IMO, diet is even more important than the workouts, so make sure she specifically focuses on it.

I’d also have her do cardio from the start. Start out with speedwalking and light stuff if she’s out of shape. If she’s too heavy to run, there’s awlways skipping rope, biking, swimming, etc.

Does anyone do this?

You meet a woman who would be attractive but she is overweight: 10, 15, 20, 30 pounds.

While you are being introduced, you are thinking of the workout program and diet you would put her on, knowing how well she would thrive with your guidence.
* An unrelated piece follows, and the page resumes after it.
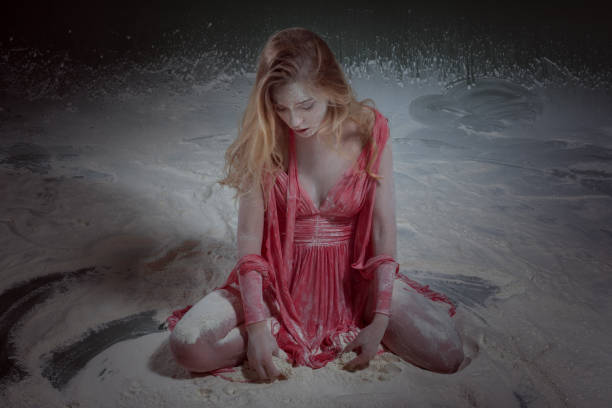 istock Woman on the floor in flour. 1133383080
I do the whole thing in my head, I can even see the final results (like Etreme MAkeover of the mind.)

I do this constantly. IF you are a personal trainer this tendancy must be even stronger.
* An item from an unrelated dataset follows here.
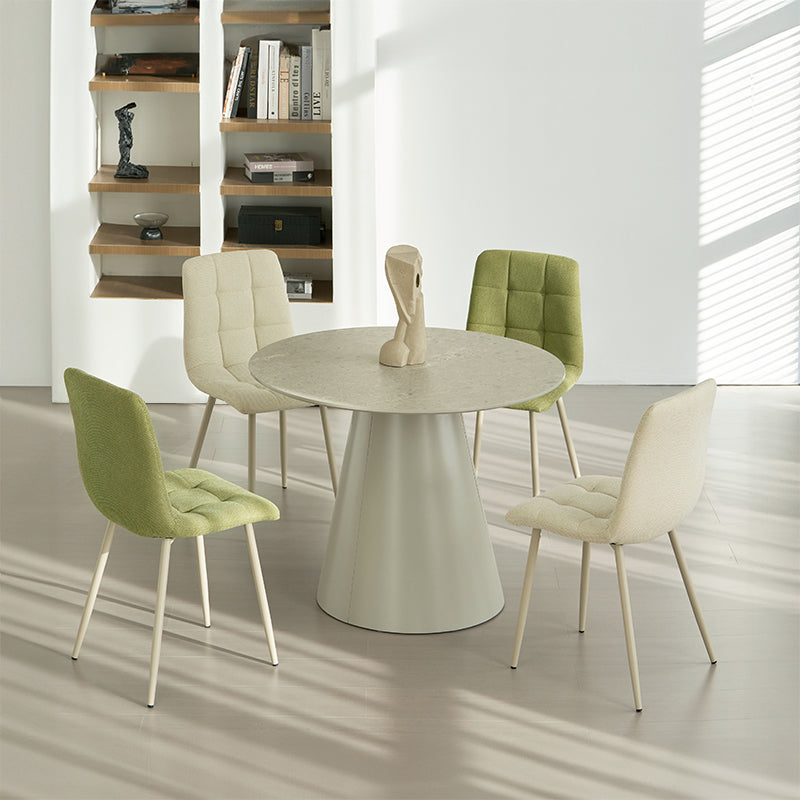 Experience comfort and style with Aoife Dining Chairs: linen blend upholstery, diamond grid stitching and slender metal legs for modern elegance.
Ha! Poor fat girls with good genetics. All the workout guys wanting to make them skinny!

Although Meltdown probably work well, I would suggest going with your first impulse. You have to get her used to proper exercise form, so starting out with a program as aggressive as Meltdown training may not be appropriate. Weight training alone is usually enough to see some benefits in terms of BF loss and muscle gain. As her recovery habits get better you might want to let her swim a couple times a week as it is a low impact activity that doesnt usually cause trouble in most overweight people the way running would.
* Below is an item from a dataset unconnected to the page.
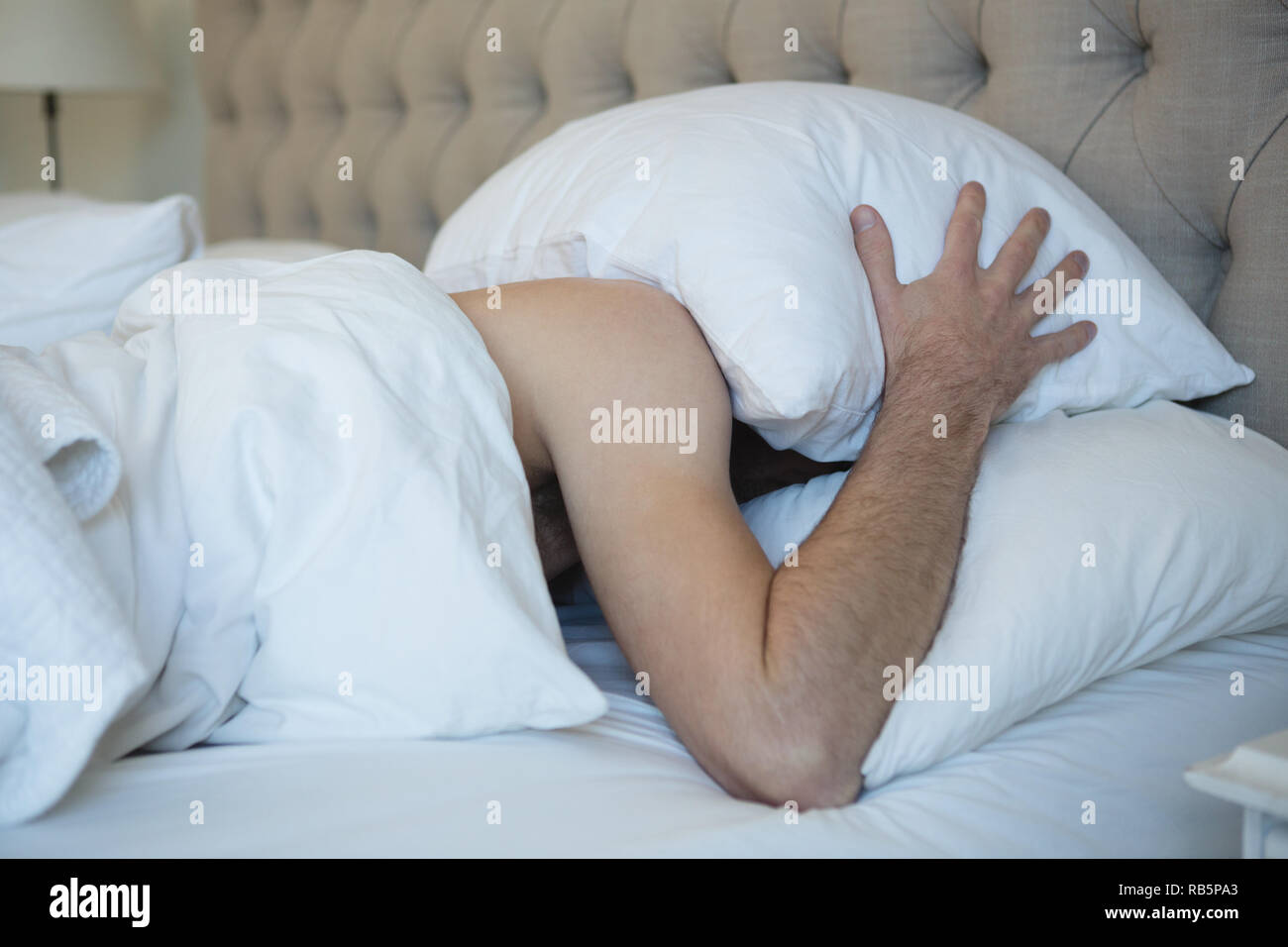Man with pillow covering his face while sleeping in bedroom Stock Photo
As for Fat Fast, it is a fairly radical diet. I would recommend T-Dawg 2.0, which would obviously require some discipline on her part and then maybe Fat Fast approaching maybe a month up to the wedding. It just seems to extreme to do for 5 months. Just some thoughts
-Matt

Meltdown training would probably be too much for someone with no training background

Dude, with no training history I think fat fast and 4 x a week compound lifting will cause burn out or worse.

Why dont you give this girl some knowledge she can use? After all- teaching her to drop fat for her wedding day is all well and good.

But- educating her on a healthy lifestyle for life is so much more.

At 200+ pounds she will react well to any consist training- why not let her enjoy it too?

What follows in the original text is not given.